#### EXERCISE OBJECTIVE:
For this task, output exactly the lines of the material below starting at the line with "2004 Volvo V70" and ending at the line with "Джем Delo gastronoma"; pictures are to be excluded.

#### DATA FOR REVIEW:
══════════════════════════════

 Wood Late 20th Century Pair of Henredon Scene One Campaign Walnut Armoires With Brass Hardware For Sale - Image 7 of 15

══════════════════════════════

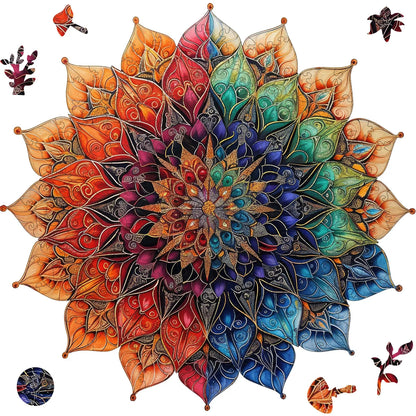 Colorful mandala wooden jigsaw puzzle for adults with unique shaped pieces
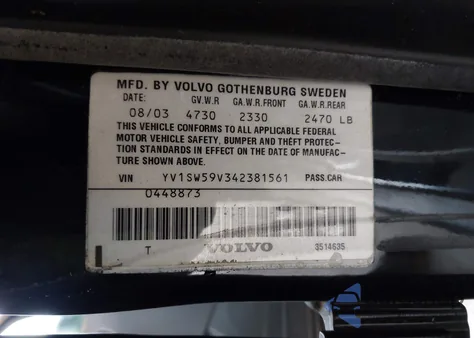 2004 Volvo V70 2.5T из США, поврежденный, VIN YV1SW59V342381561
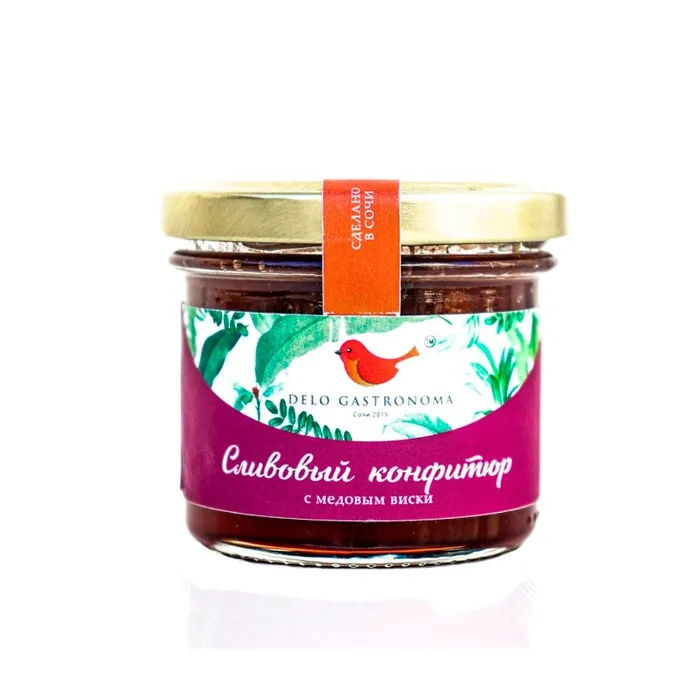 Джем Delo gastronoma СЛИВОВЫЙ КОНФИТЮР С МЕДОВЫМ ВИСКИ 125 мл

══════════════════════════════

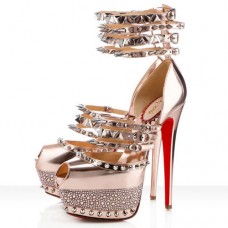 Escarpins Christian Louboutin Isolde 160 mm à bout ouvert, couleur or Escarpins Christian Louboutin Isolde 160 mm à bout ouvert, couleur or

══════════════════════════════

#### REPLY TO THE EXERCISE:
 2004 Volvo V70 2.5T из США, поврежденный, VIN YV1SW59V342381561
 Джем Delo gastronoma СЛИВОВЫЙ КОНФИТЮР С МЕДОВЫМ ВИСКИ 125 мл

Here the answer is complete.